━━━━━ GIVEN INFORMATION
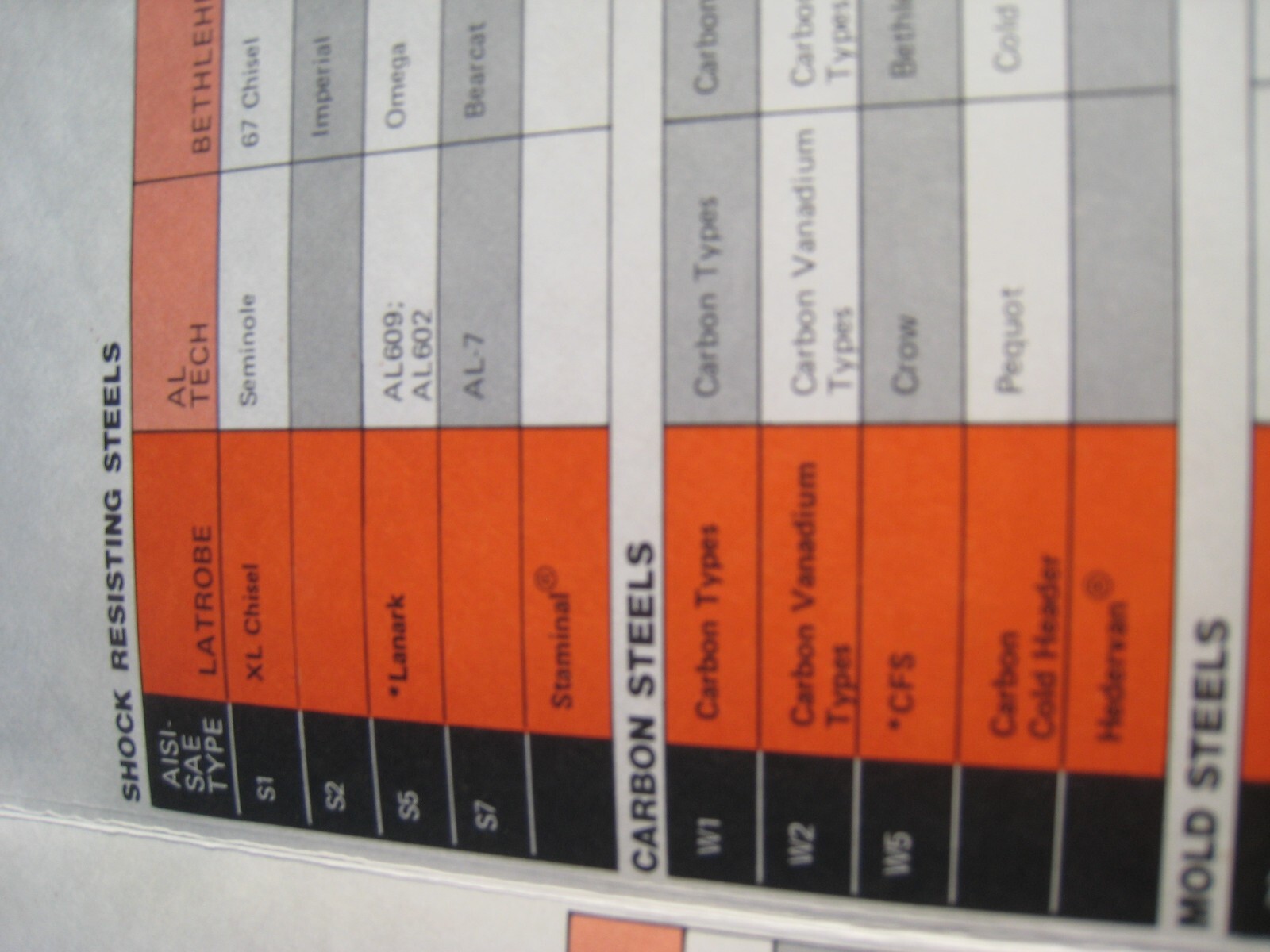 Latrobe stl. Co. comparison Chart, 9 types,10 companys,76 AISI-SAE type,toolEngr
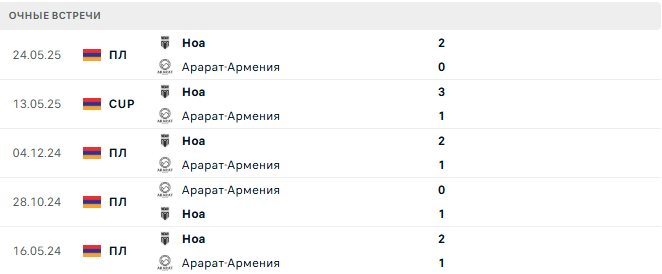 Арарат-Армения - Ноа матч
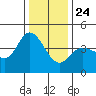 Inverness tide chart for Tuesday, December 24, 2024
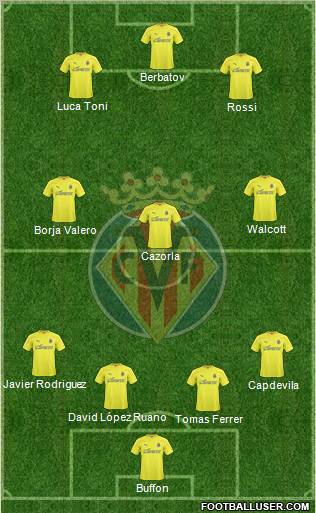 Villarreal C.F., S.A.D. Formation 2011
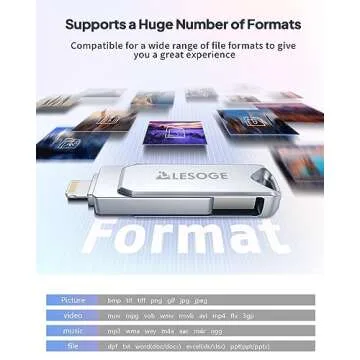 MFi Certified 128GB Flash Drive for iPhone Photo Stick USB Memory Stick Thumb Drives, High Speed USB Stick External Storage for iPhone/iPad/Android/PC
━━━━━━━━━━
TASK:
Every line above goes into the copy unchanged; the pictures do not.

ANSWER TO THIS PROBLEM:
 Latrobe stl. Co. comparison Chart, 9 types,10 companys,76 AISI-SAE type,toolEngr
 Арарат-Армения - Ноа матч
 Inverness tide chart for Tuesday, December 24, 2024
 Villarreal C.F., S.A.D. Formation 2011
 MFi Certified 128GB Flash Drive for iPhone Photo Stick USB Memory Stick Thumb Drives, High Speed USB Stick External Storage for iPhone/iPad/Android/PC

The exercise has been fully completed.